Aortic stenosis is a disease that affects over sixteen million individuals over the age of sixty-five in the United States alone, and is characterized by a narrowing of the aortic valve in the heart, resulting in an obstruction to normal blood flow. In normal operation, leaflets of the aortic valve allow or restrict blood flow based on their respective open and closed states. That is, and generally, in such open state, the leaflets of a healthy aortic valve open wide, and in such closed state, the leaflets of a healthy aortic valve close at least substantially completely along with the beating of a person's heart. Contrastingly, the leaflets of a diseased, open aortic valve do not open as wide as those of a healthy, open aortic valve, and the leaflets of the diseased, closed aortic valve may not close sufficiently. A diseased aortic valve thus obstructs blood flow and poses significant health risks.
The standard treatment for severe aortic stenosis is open-heart surgery to replace the effected aortic valve with a prosthetic, mechanical valve. However, this procedure is not an option for high-risk, inoperable patients, and so alternative treatments often must be considered. The primary alternative to the aforesaid open-heart surgical procedure is transcatheter aortic valve replacement (commonly and hereinafter referred to as “TAVR”), a minimally invasive procedure that delivers a prosthetic valve through the patient's arteries, thereby obviating the opening of the patient's chest. In a typical TAVR procedure, a relatively small incision is made in the patient's groin in order to give the doctor access to a major artery that leads to the aorta. The physician thereafter inserts a guide wire within the incision to send a catheter and a replacement, prosthetic aortic valve through the aorta to the patient's heart. To position this replacement valve, physicians generally use florescent dye with real time fluoroscopy in conjunction with an ultrasound probe placed in the patient's esophagus.

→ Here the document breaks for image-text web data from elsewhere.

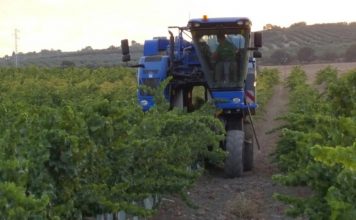 Sube la producción de uva esta vendimia, pero baja el precio Montilla-Moriles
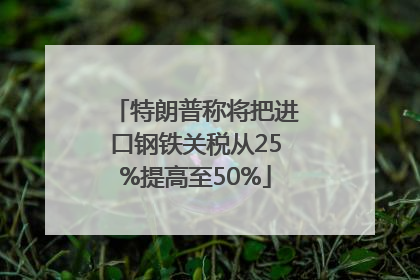 特朗普称将把进口钢铁关税从25%提高至50%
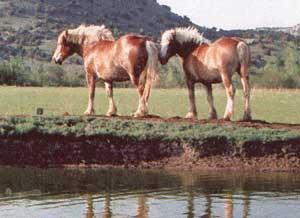 Big Bob and Little Nicky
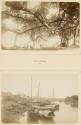 Ficus - Banian / Nam-Dinh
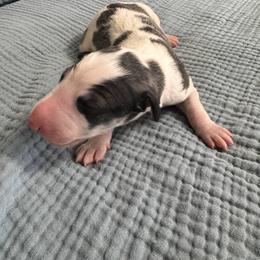 Boy 1 - Blue male Borzoi puppy in Texas from Houston Borzoi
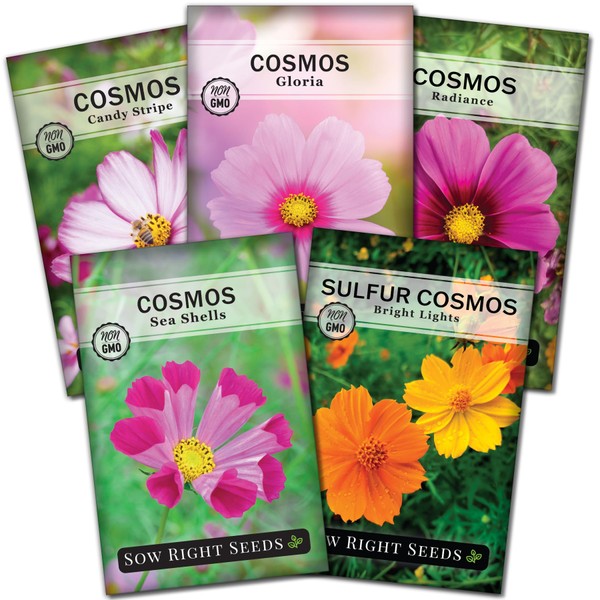 Sow Right Seeds - Cosmos Seed Collection for Planting- Non-GMO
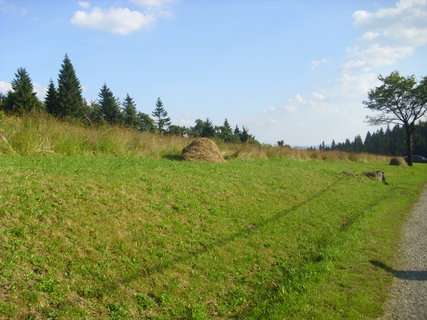 FOTKA - S pan sousedkou na borvkch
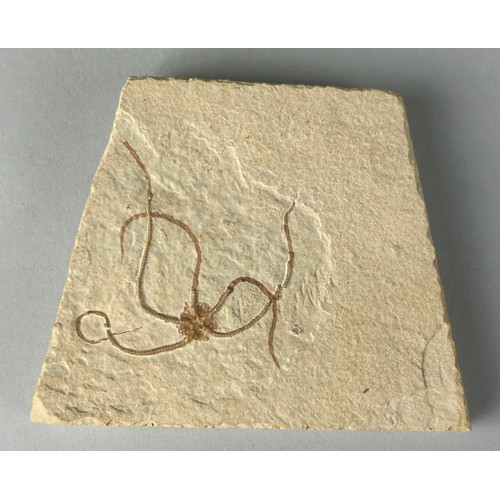 638 - A BRITTLE STAR/ STARFISH FOSSIL FROM GERMANY

A well-preserved fossil Brittle Star prepared from its... 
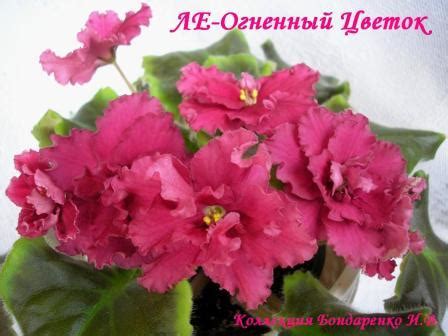 Фиалка ЛЕ-Огненный Цветок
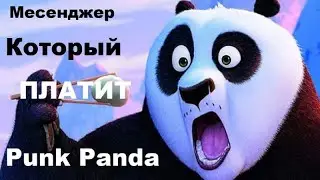 PunkPanda Презентация кратко 20 мин.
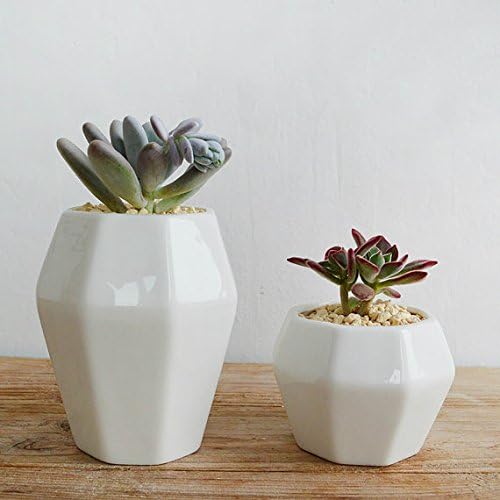 Hexagon Succulent Planter Short & Tall Set. Modern Minimalist White Ceramic Succulent Pots. Perfect for succulent, cacti, flowers, live or artificial plants for home or office (PLA0047-S1)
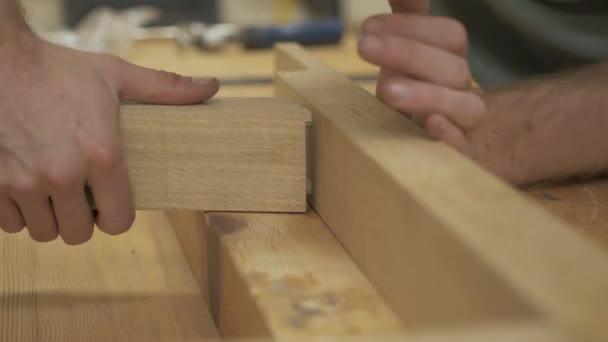 Stolarze Ręce Suche Dopasowane Drewna Dębowego Razem — Wideo stockowe
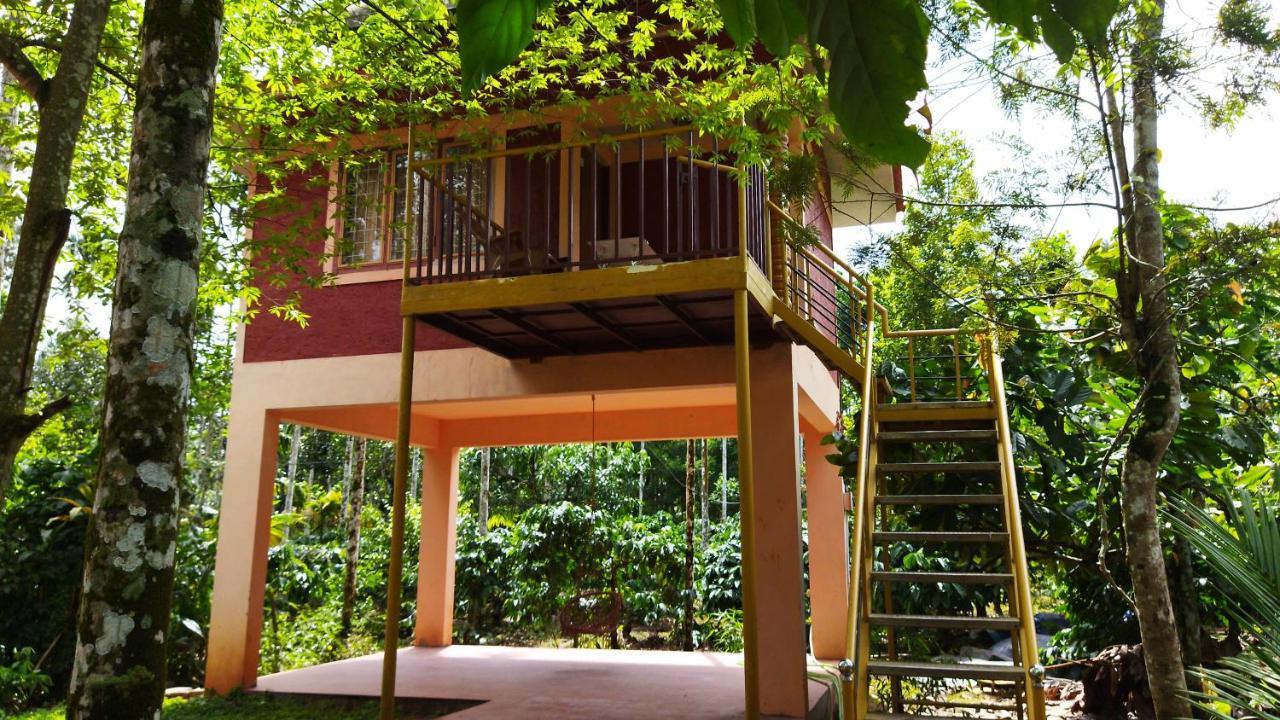 Wayanad Green Park Resort Ambalavayal Exterior foto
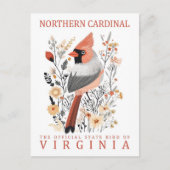 Nördlicher Kardinal Vogel von Virginia Postkarte (Vorderseite)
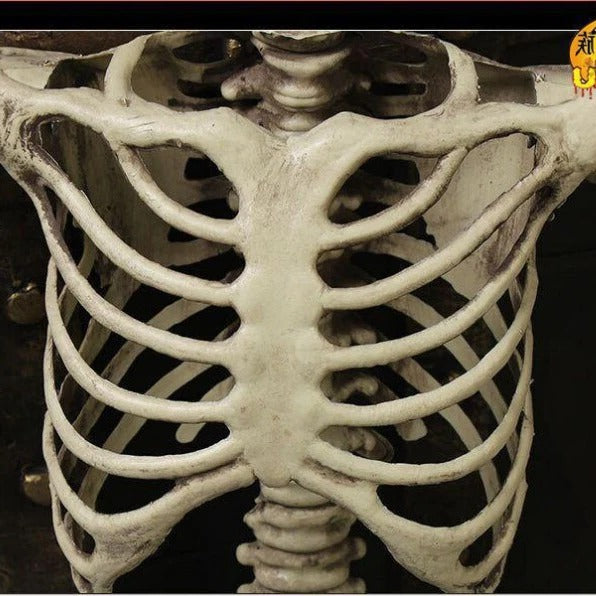 Skeleton prop posed sitting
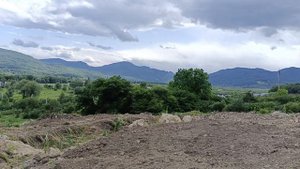 Дегуаская поляна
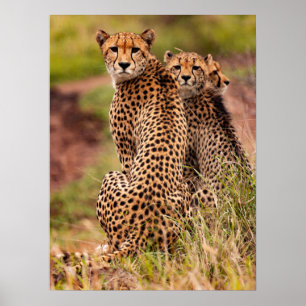 Cheetahs Poster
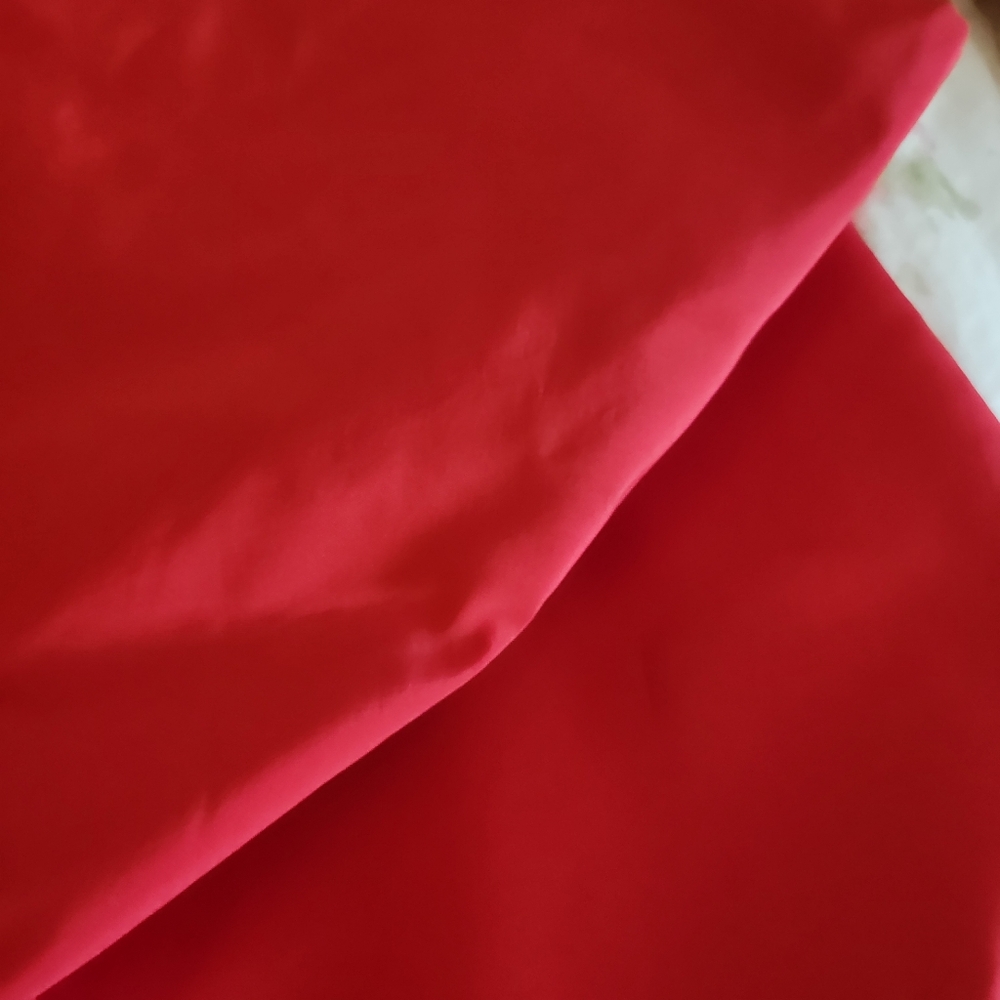 Sandy Liang Roma Bag (Red) - Picture 7 of 9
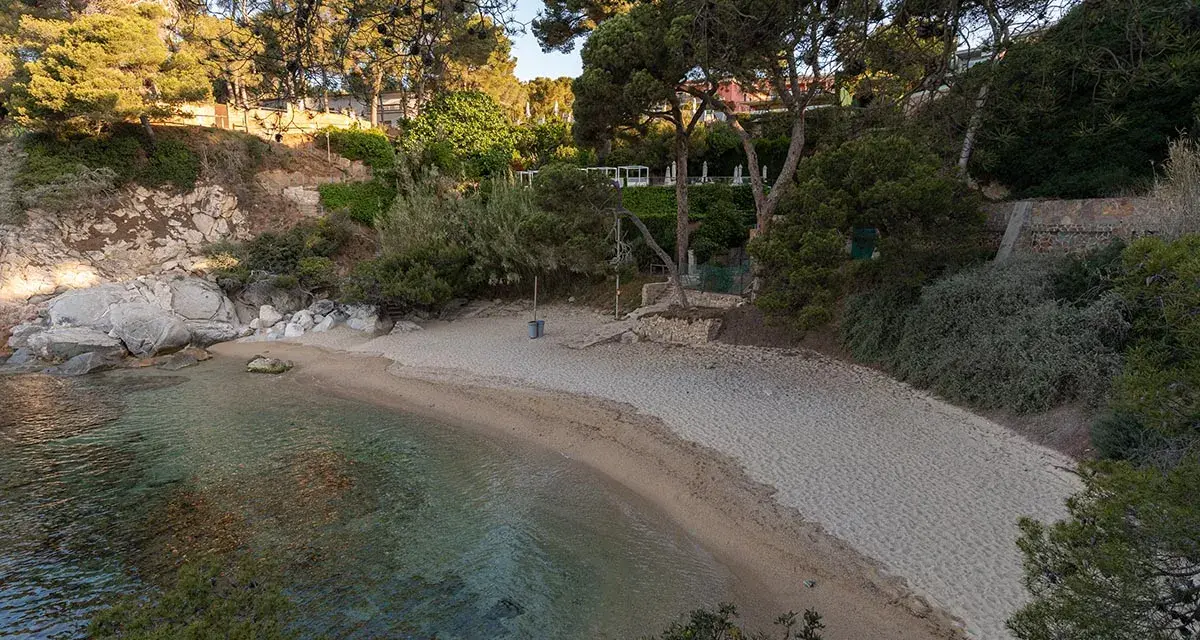 Tranquila cala del pi con arena dorada y aguas cristalinas, rodeada de pinos y vegetación exuberante.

Using known TAVR positioning technologies, physicians rely on two-dimensional imagery to determine the correct position at which to place the prosthetic aortic valve. While somewhat effective, this method introduces a degree of uncertainty in the replacement valve positioning procedure, which results in a misplacement rate of as much as ten percent (according to the PARTNER II Clinical Trials). Aortic valve misplacement, in turn, often results in significant paravalvular leak (i.e., leakage of blood around such valve), thereby necessitating the placement of a second such valve within the first such replacement valve. Furthermore, not only is it estimated that up to ten percent of prosthetic valves are misplaced through TAVR procedures, but it is also estimated that two and a half percent of all TAVR procedures require revision. The placement of a second valve results in additional radiation exposure, contrast dye exposure, and anesthesia exposure, each of which individually and in combination creates an increased risk for further health complications, such as kidney damage or failure.
Thus, while existing alternatives to open-heart surgery exist for treating aortic stenosis, various drawbacks, including those mentioned above, remain. Consequently, there exists a need to position a prosthetic valve quickly, accurately, and without revision, and, towards that end, there exists a need for technology that provides physicians with a more accurate, quantitative method for determining the correct position at which to deploy or place a prosthetic aortic valve during a TAVR procedure.